Interessante, sul punto, è integrare le affermazioni dei giudici lussemburghesi con quanto sostenuto dall’Avvocato generale Kokott nelle sue conclusioni. Quest’ultima osserva infatti che: (i) analisi “economicamente impegnative” (come quella dell’AEC) non sempre costituiscono un “evidente” valore aggiunto; (ii) tali analisi possono inoltre comportare un dispendio sproporzionato delle scarse risorse a disposizione delle autorità di concorrenza e dei giudici; (iii) in ogni caso, esse presuppongono la collaborazione dell’impresa, certamente non scontata, e rischiano peraltro di basarsi su dati non attendibili (§ 66). Tale approccio è, del resto, in linea con l’osservazione di apertura delle conclusioni, che sembra costituire una presa di posizione nel dibattito, ormai alla ribalta da qualche tempo, sulla necessità di adottare un “approccio più economico nel diritto europeo (sic) della concorrenza” (“a more economic approach”). Ricordando alla Corte che le questioni poste dal giudice del rinvio sono tali da assumere “un significato particolare” nell’ambito del suddetto dibattito, e che la risposta data ad esse potrebbe avere un’incidenza ben al di là del caso concreto (non a caso, si cita qui il procedimento pendente nella causa Intel, C-413/14 P, che coinvolge alcuni temi propri anche della presente vicenda), l’Avvocato generale ha consigliato alla Corte di non “lasciarsi troppo influenzare dallo spirito del tempo o da tendenze passeggere” e di rimanere ben salda sulle basi giuridiche dell’articolo 102 TFUE (§ 4).

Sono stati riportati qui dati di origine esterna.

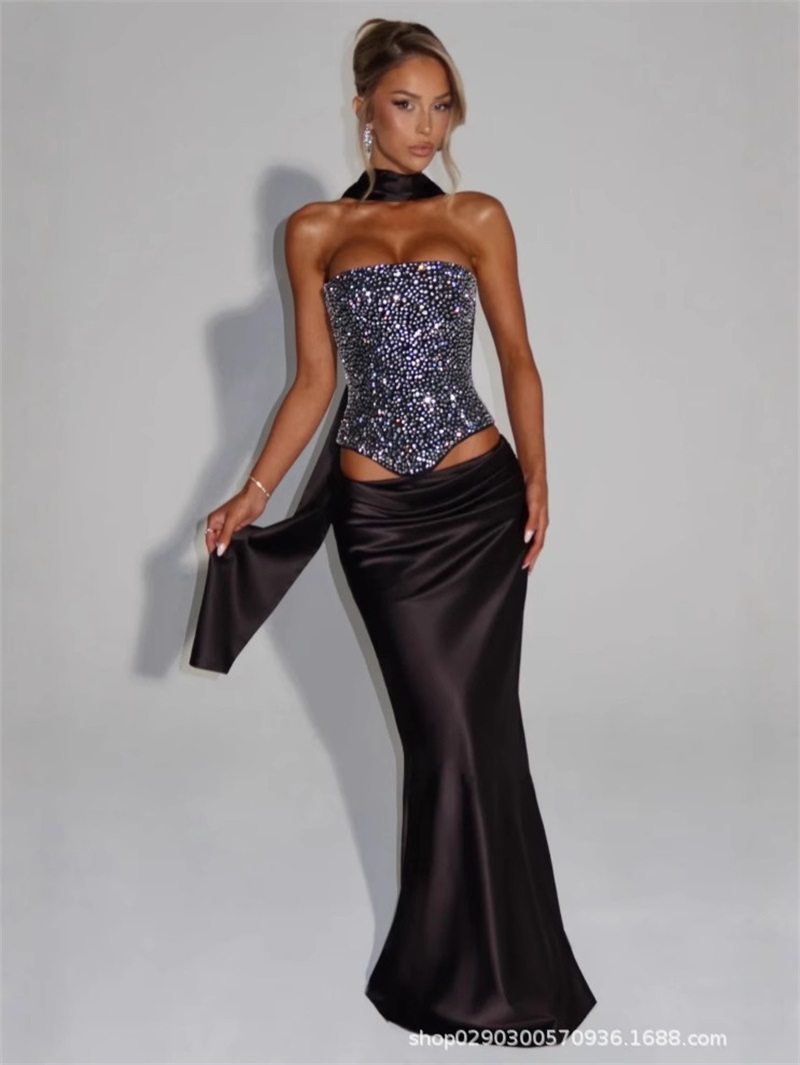 Formal Wear Gowns For Women - เซ็กซี่ Mermaid ผู้หญิงพรหมชุด 2 ชิ้นแขนกุด Top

A prescindere da quanto sopra, alla luce della sentenza della Corte, il ricorso al criterio in parola pare essere stato avallato sicuramente con riferimento a prezzi selettivi, prezzi predatori e pratiche di compressione dei margini (§ 55).

Infine, il passaggio in merito al fatto che gli effetti preclusivi dell’abuso devono essere “probabili” (“likely”) costituisce un chiarimento utile, in linea peraltro con gli Orientamenti della Commissione (cfr., inter alia, § 20 degli stessi).